What to work on
Write out an exact copy of the line containing "Vintage Stand Collar Print Button Shirt Fall" and all lines that follow it in the data below, leaving out pictures.

Extracted material
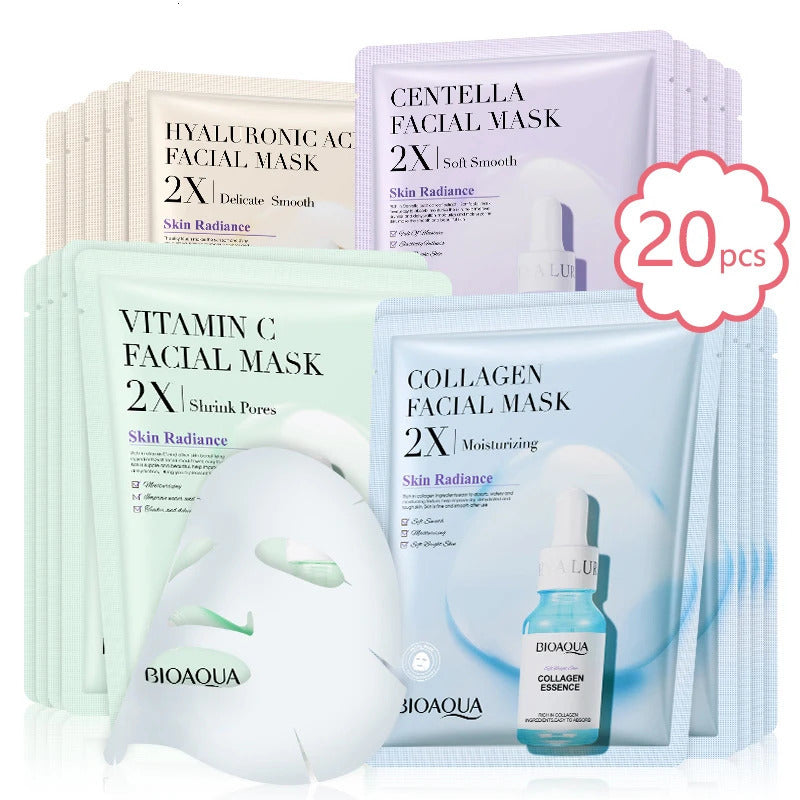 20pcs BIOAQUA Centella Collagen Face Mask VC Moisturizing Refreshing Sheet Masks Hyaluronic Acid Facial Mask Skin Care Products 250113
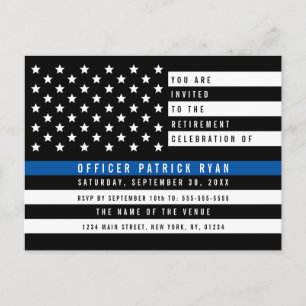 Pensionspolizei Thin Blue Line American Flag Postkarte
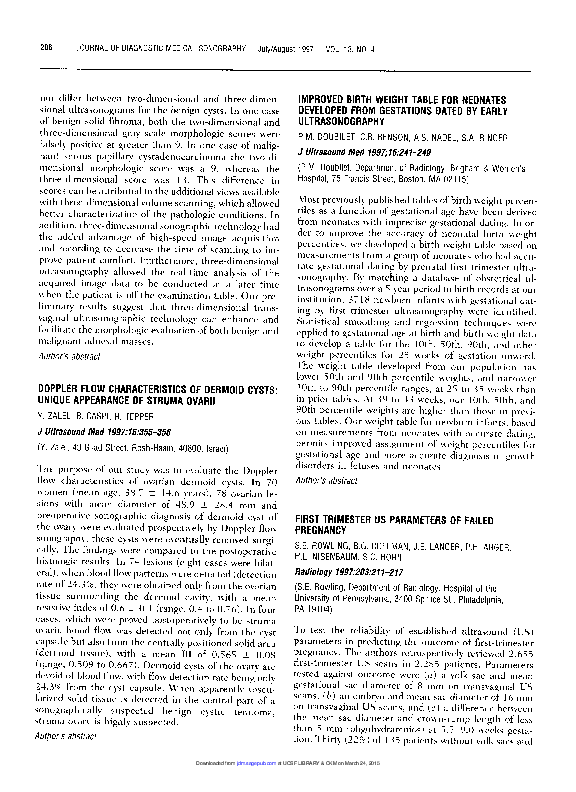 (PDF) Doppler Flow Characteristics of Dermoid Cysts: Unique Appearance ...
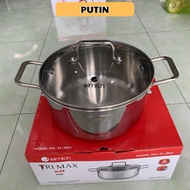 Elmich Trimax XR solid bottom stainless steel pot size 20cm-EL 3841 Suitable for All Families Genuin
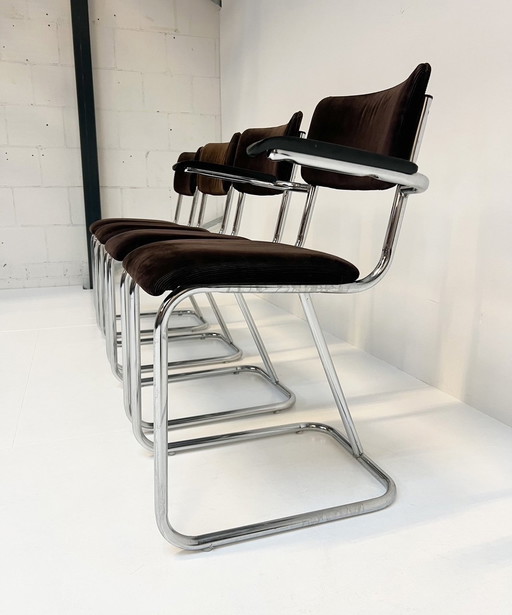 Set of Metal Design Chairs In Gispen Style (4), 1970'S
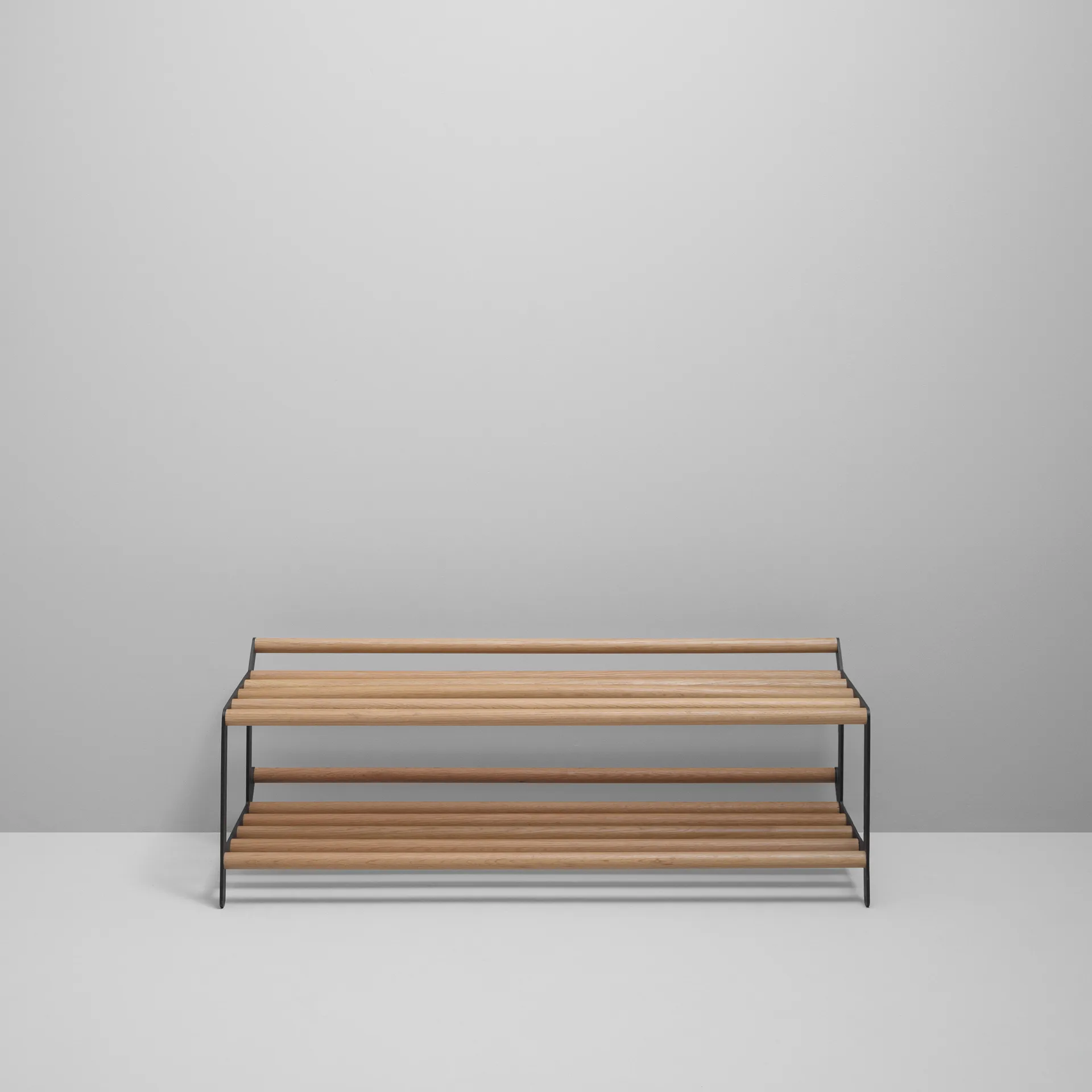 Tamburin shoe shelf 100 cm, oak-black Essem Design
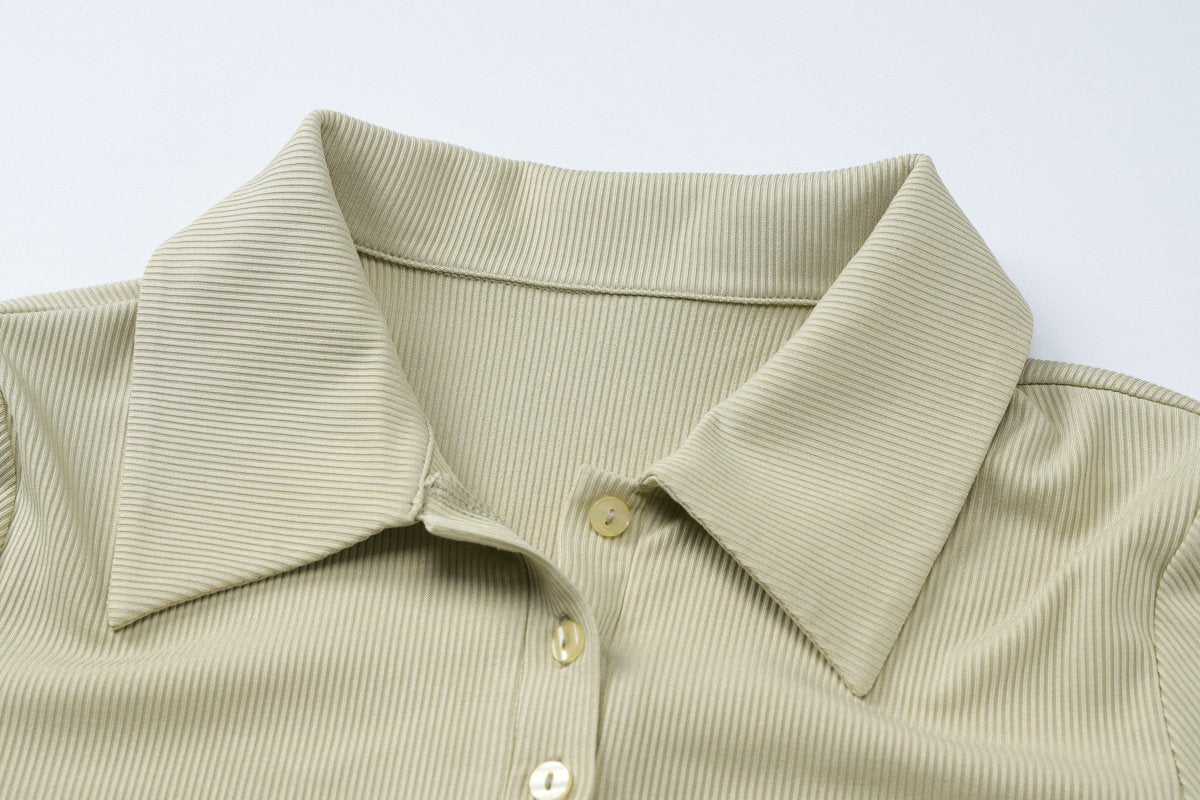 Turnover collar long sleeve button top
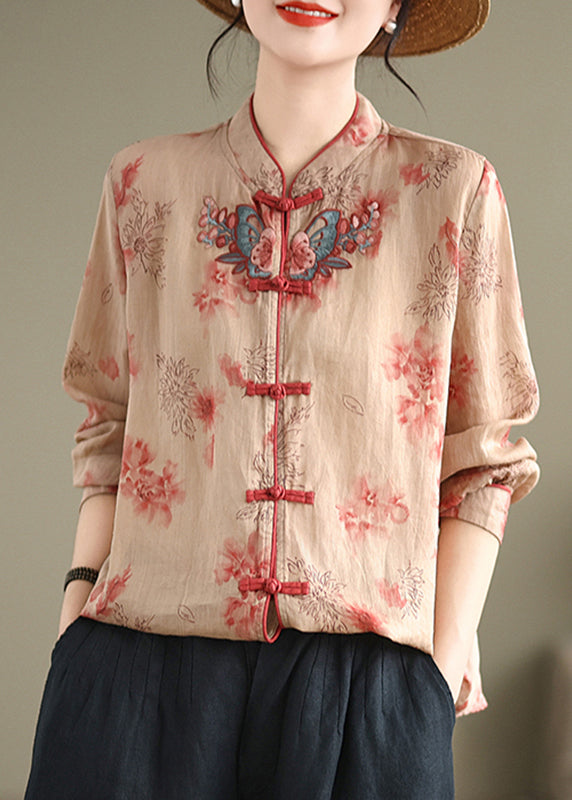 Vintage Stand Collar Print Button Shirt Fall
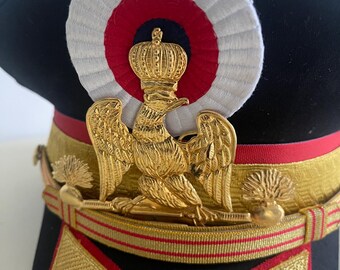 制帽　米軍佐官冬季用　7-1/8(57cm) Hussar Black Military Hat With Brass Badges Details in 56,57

Answer area
 Vintage Stand Collar Print Button Shirt Fall
 制帽　米軍佐官冬季用　7-1/8(57cm) Hussar Black Military Hat With Brass Badges Details in 56,57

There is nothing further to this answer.